DATASET START

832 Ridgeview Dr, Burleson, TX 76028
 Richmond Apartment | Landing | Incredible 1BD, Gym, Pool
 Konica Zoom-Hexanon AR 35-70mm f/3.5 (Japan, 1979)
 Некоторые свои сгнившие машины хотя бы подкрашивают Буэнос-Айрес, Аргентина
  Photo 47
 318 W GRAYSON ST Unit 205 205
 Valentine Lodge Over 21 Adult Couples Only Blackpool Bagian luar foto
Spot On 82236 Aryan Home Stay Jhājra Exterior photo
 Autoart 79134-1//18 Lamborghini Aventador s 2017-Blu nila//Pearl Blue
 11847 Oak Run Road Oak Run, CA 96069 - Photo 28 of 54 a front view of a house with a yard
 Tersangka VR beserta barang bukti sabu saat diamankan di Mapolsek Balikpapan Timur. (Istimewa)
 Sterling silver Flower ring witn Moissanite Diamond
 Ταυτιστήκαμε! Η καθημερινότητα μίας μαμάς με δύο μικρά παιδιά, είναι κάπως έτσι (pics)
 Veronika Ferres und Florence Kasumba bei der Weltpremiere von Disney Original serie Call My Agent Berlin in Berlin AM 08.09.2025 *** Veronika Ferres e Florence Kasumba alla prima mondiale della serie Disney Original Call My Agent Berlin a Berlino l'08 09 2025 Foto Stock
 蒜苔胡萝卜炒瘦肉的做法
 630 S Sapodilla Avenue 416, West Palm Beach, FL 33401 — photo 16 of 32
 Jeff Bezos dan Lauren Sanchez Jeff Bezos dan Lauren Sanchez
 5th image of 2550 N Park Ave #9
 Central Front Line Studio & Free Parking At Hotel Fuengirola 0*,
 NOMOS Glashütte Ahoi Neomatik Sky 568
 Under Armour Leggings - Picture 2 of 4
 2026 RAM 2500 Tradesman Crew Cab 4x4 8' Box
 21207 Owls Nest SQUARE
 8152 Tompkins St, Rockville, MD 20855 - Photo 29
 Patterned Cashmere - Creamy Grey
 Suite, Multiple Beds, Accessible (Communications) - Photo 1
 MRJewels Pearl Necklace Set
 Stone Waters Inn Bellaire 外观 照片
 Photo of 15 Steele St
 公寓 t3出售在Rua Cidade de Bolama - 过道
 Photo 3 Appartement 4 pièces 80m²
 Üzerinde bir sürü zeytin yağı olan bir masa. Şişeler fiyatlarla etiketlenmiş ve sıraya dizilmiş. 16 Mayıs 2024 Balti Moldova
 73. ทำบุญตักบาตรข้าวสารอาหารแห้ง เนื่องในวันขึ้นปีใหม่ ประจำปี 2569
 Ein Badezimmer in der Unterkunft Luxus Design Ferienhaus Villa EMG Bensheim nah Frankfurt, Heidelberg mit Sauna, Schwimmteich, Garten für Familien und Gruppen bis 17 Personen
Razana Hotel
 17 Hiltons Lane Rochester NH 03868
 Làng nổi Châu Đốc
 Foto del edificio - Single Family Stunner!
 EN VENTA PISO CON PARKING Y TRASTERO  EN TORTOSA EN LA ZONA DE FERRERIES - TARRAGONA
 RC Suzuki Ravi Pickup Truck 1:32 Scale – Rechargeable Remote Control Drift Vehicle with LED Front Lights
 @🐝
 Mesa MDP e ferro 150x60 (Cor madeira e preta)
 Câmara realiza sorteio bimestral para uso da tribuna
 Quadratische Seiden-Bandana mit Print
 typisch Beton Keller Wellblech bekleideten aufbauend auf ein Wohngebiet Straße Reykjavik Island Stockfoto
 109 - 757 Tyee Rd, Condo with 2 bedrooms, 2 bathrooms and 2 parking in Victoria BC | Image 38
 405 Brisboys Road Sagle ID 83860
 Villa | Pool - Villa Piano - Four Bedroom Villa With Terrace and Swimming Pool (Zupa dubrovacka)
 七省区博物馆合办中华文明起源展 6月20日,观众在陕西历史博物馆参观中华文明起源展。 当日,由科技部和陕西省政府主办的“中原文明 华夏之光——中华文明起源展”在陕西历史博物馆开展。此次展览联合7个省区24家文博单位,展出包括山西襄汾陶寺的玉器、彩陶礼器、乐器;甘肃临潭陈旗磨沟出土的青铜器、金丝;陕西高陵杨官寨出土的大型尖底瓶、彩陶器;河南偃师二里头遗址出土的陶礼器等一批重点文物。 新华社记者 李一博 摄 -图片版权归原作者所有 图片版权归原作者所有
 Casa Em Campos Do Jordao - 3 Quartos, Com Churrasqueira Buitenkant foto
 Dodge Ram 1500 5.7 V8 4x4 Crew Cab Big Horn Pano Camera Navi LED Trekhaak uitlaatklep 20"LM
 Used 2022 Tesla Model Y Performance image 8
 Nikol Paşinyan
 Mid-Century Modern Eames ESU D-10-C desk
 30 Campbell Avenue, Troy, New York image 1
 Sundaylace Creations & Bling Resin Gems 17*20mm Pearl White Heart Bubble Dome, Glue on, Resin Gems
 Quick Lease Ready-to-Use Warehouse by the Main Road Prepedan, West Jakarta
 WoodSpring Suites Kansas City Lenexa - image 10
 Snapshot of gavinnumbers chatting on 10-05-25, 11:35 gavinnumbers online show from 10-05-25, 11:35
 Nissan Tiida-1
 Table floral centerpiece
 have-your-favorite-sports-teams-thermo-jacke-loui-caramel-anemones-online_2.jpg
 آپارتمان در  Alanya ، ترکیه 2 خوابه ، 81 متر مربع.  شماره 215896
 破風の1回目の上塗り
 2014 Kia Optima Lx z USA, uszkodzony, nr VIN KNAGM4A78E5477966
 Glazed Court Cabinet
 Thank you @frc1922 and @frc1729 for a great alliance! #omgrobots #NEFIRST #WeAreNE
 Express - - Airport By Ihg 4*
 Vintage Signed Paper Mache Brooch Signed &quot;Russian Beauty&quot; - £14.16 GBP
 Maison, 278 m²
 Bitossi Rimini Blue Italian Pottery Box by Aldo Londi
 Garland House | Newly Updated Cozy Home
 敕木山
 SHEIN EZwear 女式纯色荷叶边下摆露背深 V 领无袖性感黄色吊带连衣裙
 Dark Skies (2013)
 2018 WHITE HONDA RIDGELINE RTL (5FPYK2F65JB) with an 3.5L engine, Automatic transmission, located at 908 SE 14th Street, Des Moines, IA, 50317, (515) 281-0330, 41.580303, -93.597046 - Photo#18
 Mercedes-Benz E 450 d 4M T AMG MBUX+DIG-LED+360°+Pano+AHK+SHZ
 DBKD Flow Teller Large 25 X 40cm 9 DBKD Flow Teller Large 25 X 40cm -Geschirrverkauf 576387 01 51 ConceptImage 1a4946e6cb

DATASET END

# [ABOUT THIS EXERCISE]
Include the first line of the listing, the line with "21207 Owls Nest SQUARE", and every line between them, each repeated exactly, and output only those.

# [TASK ANSWER]
832 Ridgeview Dr, Burleson, TX 76028
 Richmond Apartment | Landing | Incredible 1BD, Gym, Pool
 Konica Zoom-Hexanon AR 35-70mm f/3.5 (Japan, 1979)
 Некоторые свои сгнившие машины хотя бы подкрашивают Буэнос-Айрес, Аргентина
  Photo 47
 318 W GRAYSON ST Unit 205 205
 Valentine Lodge Over 21 Adult Couples Only Blackpool Bagian luar foto
Spot On 82236 Aryan Home Stay Jhājra Exterior photo
 Autoart 79134-1//18 Lamborghini Aventador s 2017-Blu nila//Pearl Blue
 11847 Oak Run Road Oak Run, CA 96069 - Photo 28 of 54 a front view of a house with a yard
 Tersangka VR beserta barang bukti sabu saat diamankan di Mapolsek Balikpapan Timur. (Istimewa)
 Sterling silver Flower ring witn Moissanite Diamond
 Ταυτιστήκαμε! Η καθημερινότητα μίας μαμάς με δύο μικρά παιδιά, είναι κάπως έτσι (pics)
 Veronika Ferres und Florence Kasumba bei der Weltpremiere von Disney Original serie Call My Agent Berlin in Berlin AM 08.09.2025 *** Veronika Ferres e Florence Kasumba alla prima mondiale della serie Disney Original Call My Agent Berlin a Berlino l'08 09 2025 Foto Stock
 蒜苔胡萝卜炒瘦肉的做法
 630 S Sapodilla Avenue 416, West Palm Beach, FL 33401 — photo 16 of 32
 Jeff Bezos dan Lauren Sanchez Jeff Bezos dan Lauren Sanchez
 5th image of 2550 N Park Ave #9
 Central Front Line Studio & Free Parking At Hotel Fuengirola 0*,
 NOMOS Glashütte Ahoi Neomatik Sky 568
 Under Armour Leggings - Picture 2 of 4
 2026 RAM 2500 Tradesman Crew Cab 4x4 8' Box
 21207 Owls Nest SQUARE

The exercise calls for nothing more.